The remainder of the installation process follows the Caddy documentation, and assumes you're the root user.

Create a user and group for Caddy: groupadd –system caddy, useradd –system –gid caddy –create-home –home-dir /var/lib/caddy –shell /usr/sbin/nologin –comment “Caddy web server” caddy.

Download the systemd unit. Run wget -O /etc/systemd/system/caddy.service https://raw.githubusercontent.com/caddyserver/dist/master/init/caddy.service.

Create a Caddyfile and set its ownership by running mkdir /etc/caddy, touch /etc/caddy/Caddyfile, and chown -R caddy:caddy /etc/caddy/.

Then activate this unit by running systemctl daemon-reload followed by systemctl enable caddy.

Now that you have Caddy installed, you need to prepare a Caddyfile. This is Caddy's configuration file, the equivalent of Apache's httpd.conf or Nginx's nginx.conf–but much shorter, clearer, and simpler.
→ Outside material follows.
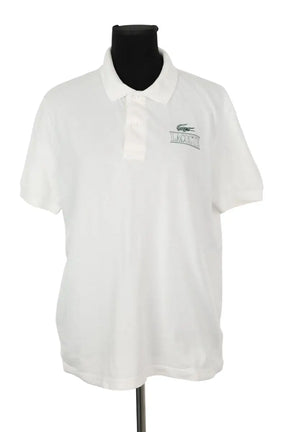 Polo Lacoste Blanc en Coton, taille M - Seconde Main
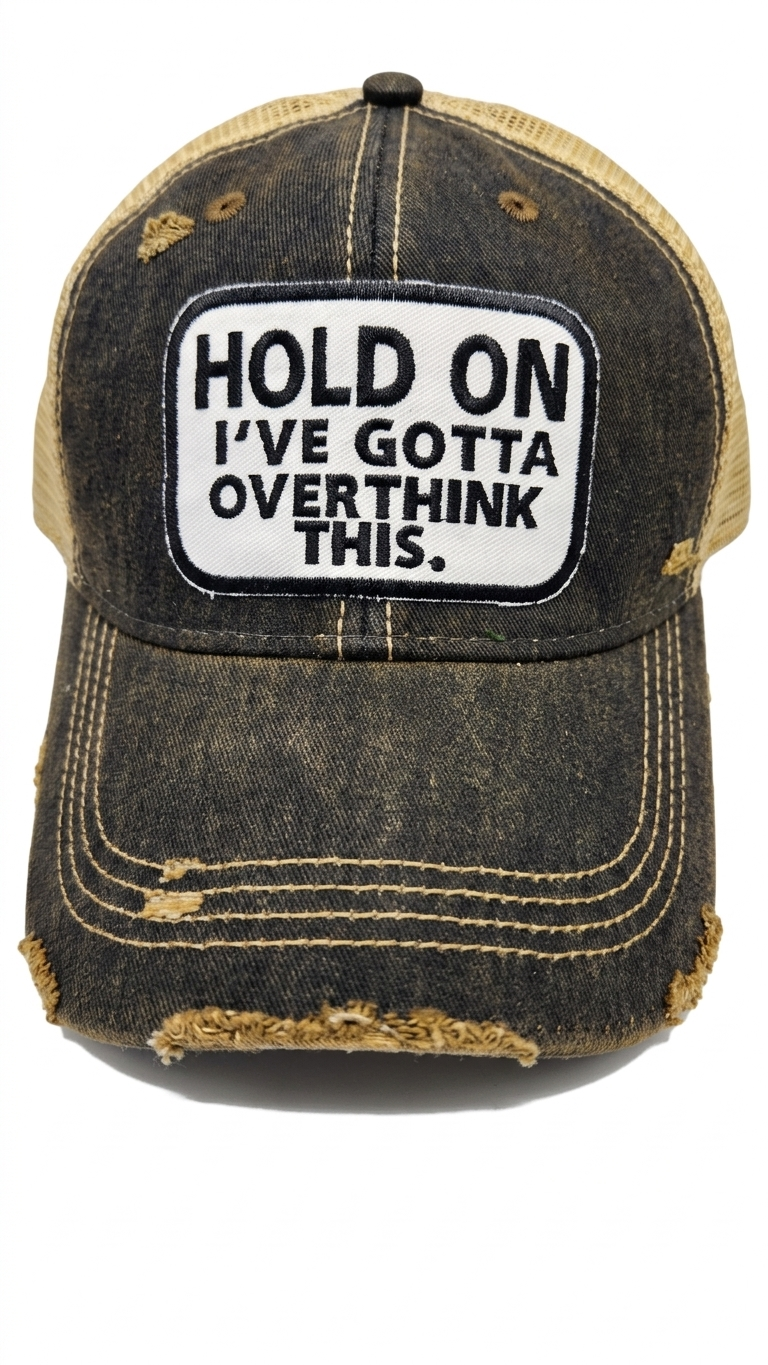 HOLD ON I'VE GOTTA OVERTHINK THIS Cap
Edit /etc/caddy/Caddyfile using your preferred text editor, and consult the relevant section below for its contents and discussion.

If you just want to use Caddy to avoid needing to specify port 3000, the Caddyfile will be very simple:

*:80 {
        root * /usr/local/www/html
        file_server
        reverse_proxy localhost:3000
}

Save this, and you're ready to go.

If you intend your Kotori installation to be open to the public Internet, start with this example:

{
        email [email protected]
	acme_ca https://acme-staging-v02.api.letsencrypt.org/directory
}

kotori.yourdomain.tld {
        root * /usr/local/www/html
        file_server
        reverse_proxy localhost:3000
}

The first block isn't strictly necessary, but it's a good idea to give Let's Encrypt your email address so you can be notified in the event your cert is about to expire–under normal circumstances you shouldn't get any traffic from this. The second directive tells Caddy to try to obtain your certificate from the staging server, rather than from Let's Encrypt's production servers. This is recommended in order to avoid running into the Let's Encrypt rate limits while testing things out. Once you're sure things are working properly, you can remove this line and run systemctl reload caddy to obtain a trusted certificate.
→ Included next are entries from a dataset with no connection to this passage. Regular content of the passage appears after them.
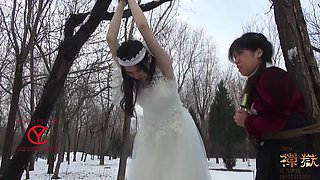 Chinese Slave Girls In The Snow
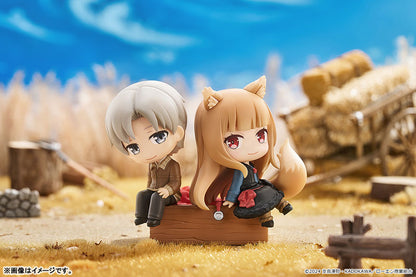 Mini Memory [Spice and Wolf MERCHANT MEETS THE WISE WOLF] Lawrence & Holo Complete Figure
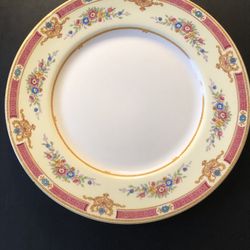 Antique English Myott China-10-Dinner Plates Art Deco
I have Kotori running on my LAN, and don't intend to expose it to the public Internet, which means the Caddyfile above won't work. Instead, I tell Caddy to validate the certificate using DNS. I use Cloudflare for my DNS, and the instructions below will work without modification there. If you're using a different DNS host, you'll need to adjust things; consult the Caddy documentation for details. Your Caddyfile will look like this:

{
        email [email protected]
	acme_ca https://acme-staging-v02.api.letsencrypt.org/directory
}

kotori.yourdomain.tld {
        tls {
                dns cloudflare long_api_token
        }
        root * /usr/local/www/html
        file_server
        reverse_proxy localhost:3000
}

You'll notice this is identical to the one above, with the addition of the tls block. That block tells Caddy (1) to use DNS validation to obtain the certificate, (2) to use Cloudflare's DNS (which you'll need to have built into Caddy during the installation), and (3) what credential to use to authenticate to Cloudflare. Please note, for Cloudflare, this is an API Token, not an API Key. API tokens can be narrowly scoped, limiting the risk of their exposure. You'll need to create one through the Cloudflare interface. As above, this example uses the staging server to avoid exhausting the rate limits–you can remove that line once you're sure things are working properly.

Now that you've created the Caddyfile, start Caddy with systemctl start caddy. You should now be able to browse to the hostname you've chosen–Caddy will redirect to HTTPS, obtain and maintain the certificate, and have a secure TLS configuration.